Beer Rules

We were seated at our usual table on the covered deck, in the corner under the TV, just above the pebble beach overlooking the scenic harbour and a couple of paddle boarders fighting the choppy water. One of them had a dog in front of him.

“Silly sport,” Camp said.

“I don’t think it’s a sport. Poor dog,” I said and then asked Camp: “Did you go to the Jazzfest last weekend?”

“No, I tried to be busy at the store,” he said. “Being the owner of the town’s one and only bookstore has its drawbacks, like having to be open on weekends when the rest of the world is enjoying a festival or a day off.”

“Well, you missed some outstanding music and a perfect setting right by the sea. There was only one problem. I got busted,” I said, ordering us a couple of locally brewed pints from Vicky, the waitress. The Irish Stout has grown on me.

“That should be a good story. Whatever for? Disorderly behaviour?”

“No, drinking in public.”

“At the Jazzfest?”

“Yep, I was enjoying a cold one, sitting on the grassy knoll above the beer garden, apparently outside of the allowed area.”

“You’re kidding,” Camp said, shaking his unruly head of grey curls.

“I wish I was. I was dressed down like a schoolboy in front of quite a few people that know me. Now they will remember me even better. I thought those antiquated liquor laws were a thing of the past. Apparently not. The consumption of beer was only allowed inside a cramped space surrounded by that attractive orange plastic mesh fence like a cattle pen.”

“That is so undignified.”

“You’re telling me. I had a bunch of kids stare at me like I was the town criminal.”

“What did you do?”

“I downed my beer, instead of pouring it out, and left with my head held high before I said something stupid.”

“Wise move,” Camp nodded. “Best to shut up in a situation like that.”

“I was reading my Swiss Newspaper the other day and they just passed a law allowing gas stations and highway overpass restaurants to sell alcohol. Guess what their rational was?”

“Sell more booze for more taxes?”

“Wrong. There are no booze taxes in Switzerland. You can buy a good bottle of Italian table wine for five bucks. No, the government said that it was not their mandate to legislate morality and behaviour. Adults know their limits and responsibilities and they are entitled to buy beer or wine or a bottle of vodka anywhere and anytime they please.”

“Wow, that doesn’t sound like government policy,” Camp said impressed. “Here it’s all about rules and if you don’t follow them you get busted.”

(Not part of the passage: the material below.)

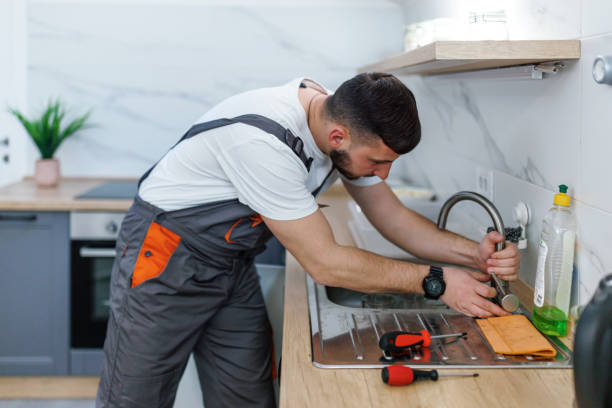 Best Emergency Plumber  in East Aurora, NY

“There you have it. Reminds me of the time when my dad first came to Canada to help us build our house. He got off the plane around noon with a mighty craving for a cold beer. Something we both can understand. Clare worked near Main and Broadway and we were going to pick her up but we had about an hour to spare. I drove down Main wracking my brain for a place to have a brew and there it was, the old Cobalt Inn with flashing neon signs advertising Girls, Girls, Girls. This surely couldn’t refer to the lunch hour. In we went, momentarily blinded by the sudden darkness of the musty interior, smelling of smoke and perfume. We picked a table close to the stage where there was more light and away from the pool table where a couple of bikers were chasing the balls. The stale beer arrived but after the first sip my dad sputtered and almost choked when suddenly the lights started flashing in time with the heavy bass beat of a disco song and the scantily clad noon time dancer started gyrating on the small stage right next to us. My Dad forgot all about the beer and sat there open mouthed, probably wondering if this was hell or heaven. I felt like such a dolt Camp but it was too late to run away. After the show we paid and without a word stepped into the bright, blinding sunlight. We picked Clare up and when she asked my Dad how the flight was he looked at her and said in his awkward English: “The beer was naked.” Clare gave me a quizzical look and I confessed the misadventure. She just shook her head in disbelieve. My Dad stayed a month and left convinced that in Canada you either had to watch strippers or eat a sandwich in order to have a beer. Such were the rules then.”

“They are not much better these days,” Camp said amused by my little vignette, “but at least you don’t have to have a dummy sandwich behind the bar in order to have a beer.”

“Yes, but we still have drinking rules which are only stricter in the Arab countries, not like in Europe or in Latin America where you can enjoy a glass of wine or a beer anywhere, anytime: from the train station to the beach, from the side walk cafés to the rooftop bars.”

“There used to be separate entrances for men and women with escorts only,”

Camp pointed out. “Women could vote but not go to a bar alone.”

I guess, I’m just one of those irresponsible adults who didn’t follow the rules. Clare got a good laugh out of it. So much for drink thy beer with joy, she said.”